Push for a resolution
Bankruptcy, like therapy, succeeds when it ends.
Attorneys specializing in bankruptcy, who function as a bridge between defense and plaintiff counsel, bill lucratively and are paid out of church coffers. In a 2023 report for New Orleans WWL-TV, investigative reporter David Hammer scrutinized how bankruptcy judges in Buffalo and Rockville Centre, New York, had questioned the dioceses’ attorneys on high billing and stall tactics. “Grabill, on the other hand, has repeatedly ruled in favor of the New Orleans Archdiocese in its disputes with creditors,” Hammer reported.
Unlike bankruptcy specialists, and the church defense, lawyers for survivors get paid at the end. According to Jeff Anderson, a major plaintiff attorney in these cases over many years, a key church strategy is to stretch out proceedings that force plaintiffs’ lawyers to swallow costs, often borrowing against credit lines at their banks.
By spring of 2025, with chapter 11 in year five, Grabill saw that to dismiss the bankruptcy would spring a tide of cases swamping state courts. She approved several high-dollar specialists in mediation to push for a resolution.
As the negotiations continued through summer, Grabill faced new issues. At a June bankruptcy hearing, attorneys for investors behind a $41m bond issue the archdiocese had taken out in 2017 accused the church of “securities fraud” for defaulting on a $930,206.25 interest payment, citing the bankruptcy as an issue.

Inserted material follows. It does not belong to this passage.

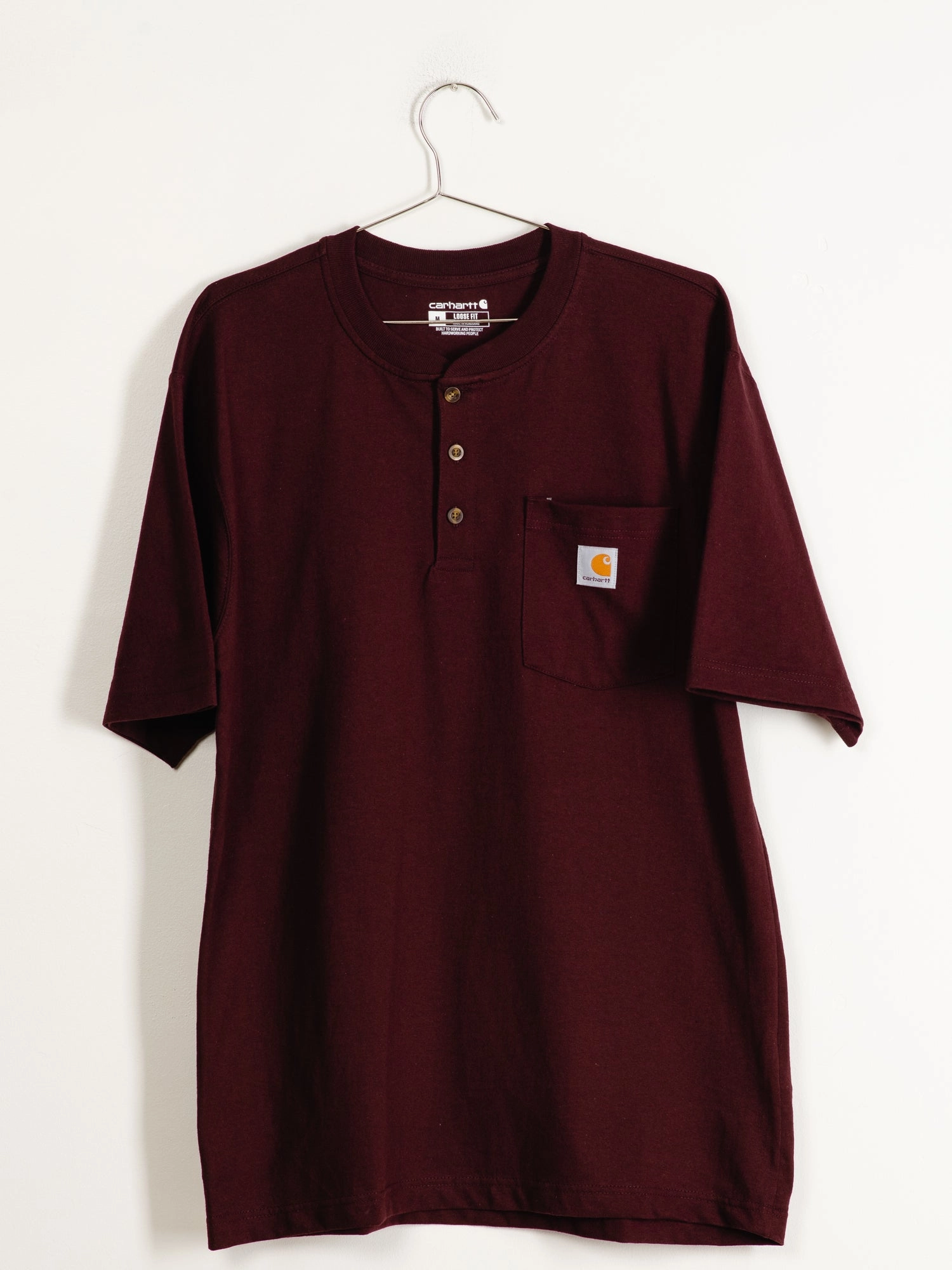 CARHARTT 3/4 BUTTON UP T-SHIRT   - CLEARANCE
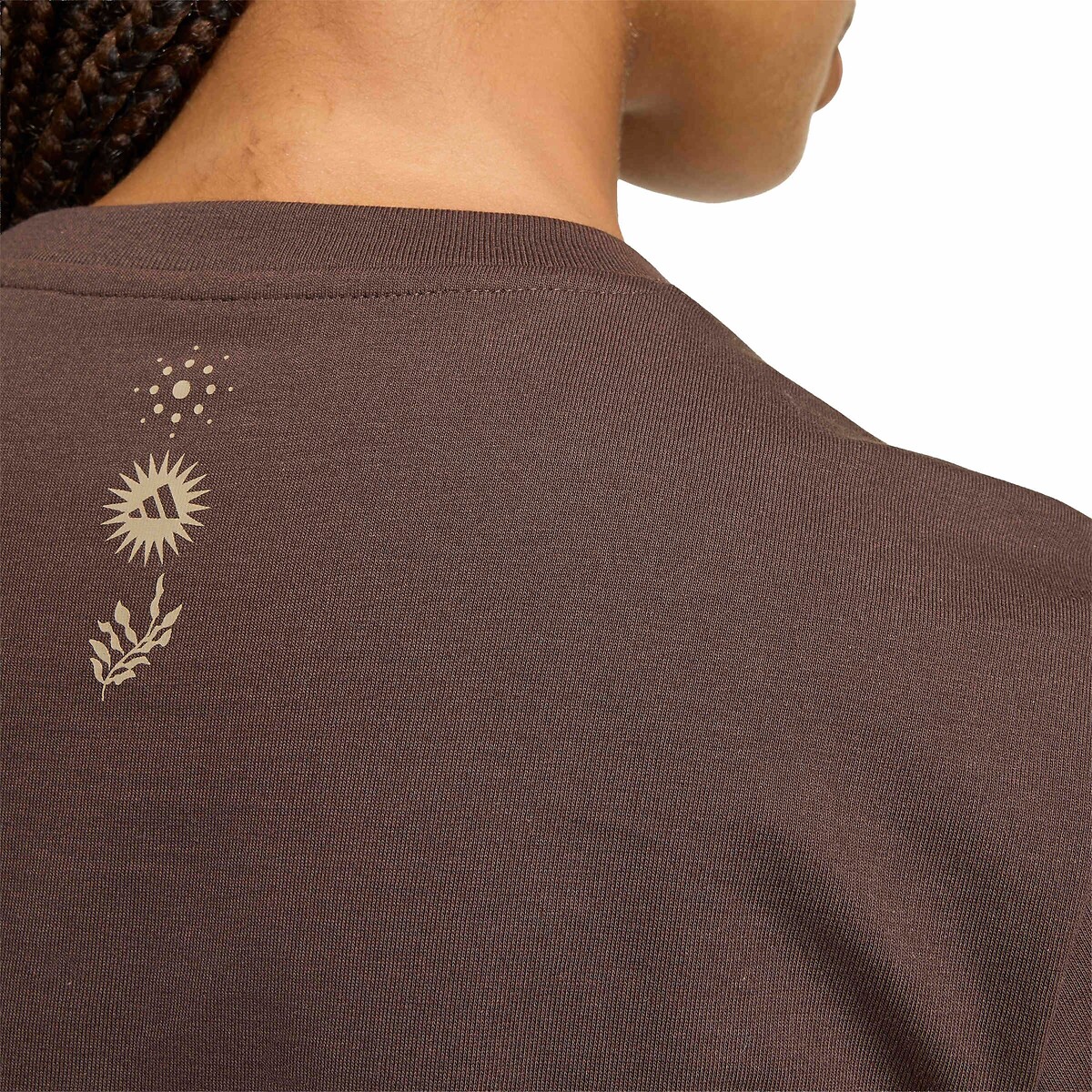 Leopard Print Logo Short Sleeve T-Shirt brown/leopard, ADIDAS SPORTSWEAR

But as negotiations continued among the survivors’ attorneys, the mediators and the church, a package emerged in September. The church pledged $230m, including $29m from smaller insurers.
The survivors in late October voted overwhelmingly to accept the financial terms the archdiocese proposed. Grabill later held a trial on the terms’ fairness and heard testimony from abuse survivors, including Adams. On 8 December, she approved the settlement.

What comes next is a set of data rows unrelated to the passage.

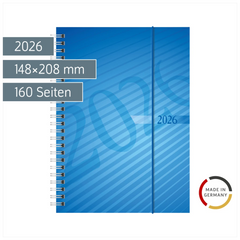 Buchkalender Mod. futura 2 2026 | A5, Kunststoff, blau
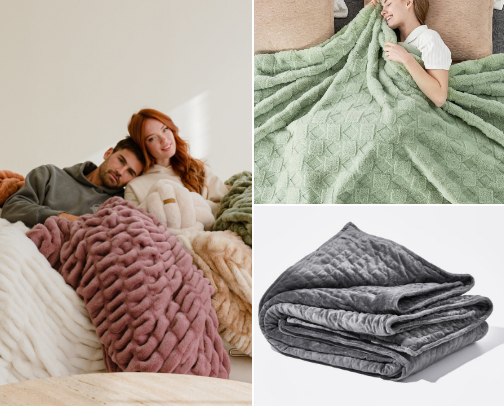Blankets make me happy cover photo collage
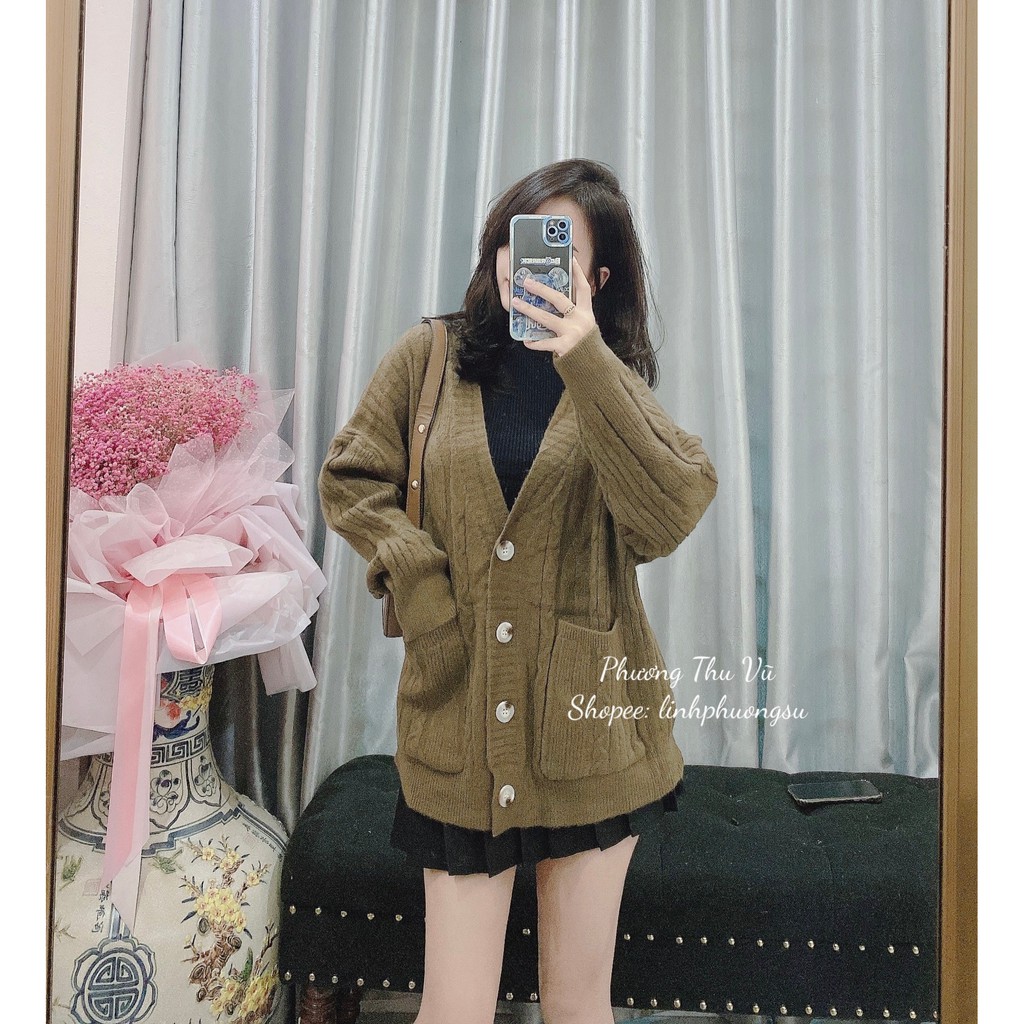 Áo Cadigan len 4 màu hàng QC cao cấp SIÊU RẺ (Ảnh thật tự chụp) | BigBuy360 - bigbuy360.vn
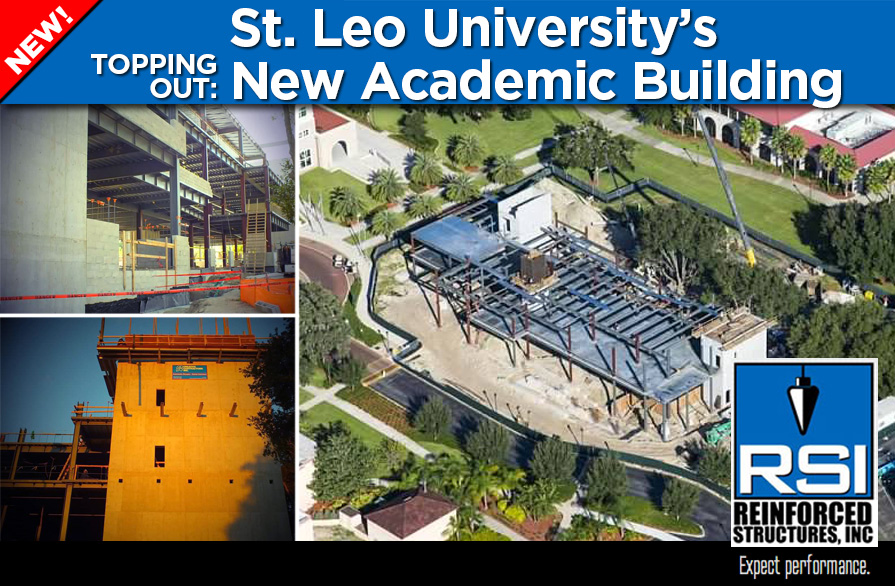 St. Leo University’s New Academic Building Tops Out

Travelers, the archdiocese’s largest insurance company with relevant policies, soon agreed in principle to add another $75m to the settlement. Assuming Grabill approves that, it would bring the settlement total to $305m.
Adams, who voted for the package, was recently at dinner with some buddies from high school when someone asked his thoughts after enduring the church’s five-year bankruptcy.
He recalls saying: “Knowing what I know now, seeing what my family and I have gone through, I probably would have kept my mouth shut. Suffering in silence would have been more tolerable than the emotional and spiritual toll this has taken.”
Aymond, having submitted his resignation at age 75 to the Vatican, is now phasing out; Coadjutor Archbishop James Checchio will in due course become archbishop.
“The more you delve into the financial crimes, the sex crimes, priests breaking their vows,” Adams told the National Catholic Reporter, “it’s caused me to question if I’m in the right church. My son’s baptismal certificate was signed by two priests; both are now in prison for sex crimes.
“If I genuinely believe that the true presence of Christ is in the Eucharist and the sacraments given to us by Jesus, there’s no place else to go. That doesn’t make going into church any easier. My great-grandmother was a daily communicant. I think her words would be ‘Put your faith in Christ and in the Eucharist, and not church leaders who have normalized deception and abuse.’ I remain hopeful that my love for God and his church is greater than the pain and anger caused by his priests and bishops.”
Editor’s note: This is the first of a miniseries exploring the lives of some of the survivors of clergy sexual abuse in the New Orleans archdiocese’s bankruptcy saga spanning more than five years. The series was supported by the Fund for Investigative Journalism and was published by the Guardian in partnership with the National Catholic Reporter.